Model	Macro-Accuracy	Macro-AUC	Macro-AUPR
PCN (baseline)	92.49%	92.94%	65.99%
E-PCN	94.67%	96.78%	82.41%

Grad-CAM analysis reveals angular separation ($\Delta$) and transverse momentum ($k_T$) account for approximately $76\%$ of classification decisions, corroborating the Lund-plane driven hypothesis that soft–collinear QCD dynamics are most discriminative in jet substructure. Momentum fraction ($z$) and invariant mass ($m^2$) contribute complementary discrimination, especially for heavy flavor processes (e.g., $H\rightarrow b\bar{b}$ shows elevated $m^2$ branch importance near $13.6\%$).

5. Significance and Implications

The E-PCN framework combines interpretable graph-based learning with physically motivated kinematic encoding, enabling identification of salient features underpinning jet classification tasks. The clear attribution facilitated by kinematic weighting and Grad-CAM–based analysis validates the soft–collinear structure hypothesis and enables domain experts to link model outcomes to QCD substructure intuition.

A plausible implication is that similar multi-branch graph architectures can generalize to other areas where interpretability and domain-based feature attribution are crucial.
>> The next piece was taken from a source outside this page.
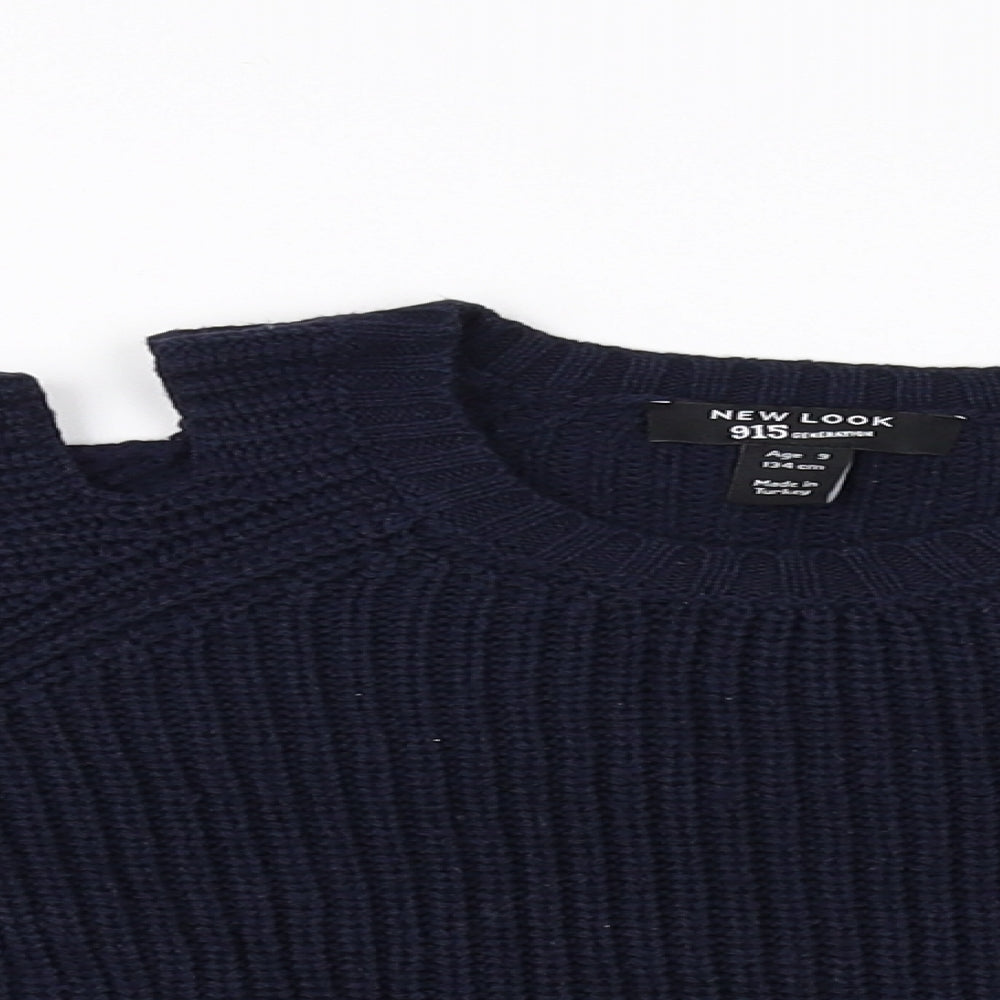 Close-up detail of New Look girls’ blue jumper, size 9, years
The explicit quantification of kinematic variable importance supports data-driven theoretical investigations and systematic studies of signal/background separation mechanisms.

6. Connections to Related Methodologies

E-PCN operationalizes Chebyshev spectral graph convolutions [ChebConv], edge-based convolutions [EdgeConv], and Grad-CAM attribution strategies, consistent with formal definitions from prior literature. The multi-graph approach aligns conceptually with Lund-plane jet analysis, emphasizing the integration of domain knowledge into machine learning workflows for collider physics.

The architecture and methodology follow the notation and algorithmic conventions established in the foundational E-PCN publication (Islam et al., 8 Dec 2025). Implementation fidelity requires adherence to prescribed hyperparameters, training schedules, and preprocessing techniques specified in that work.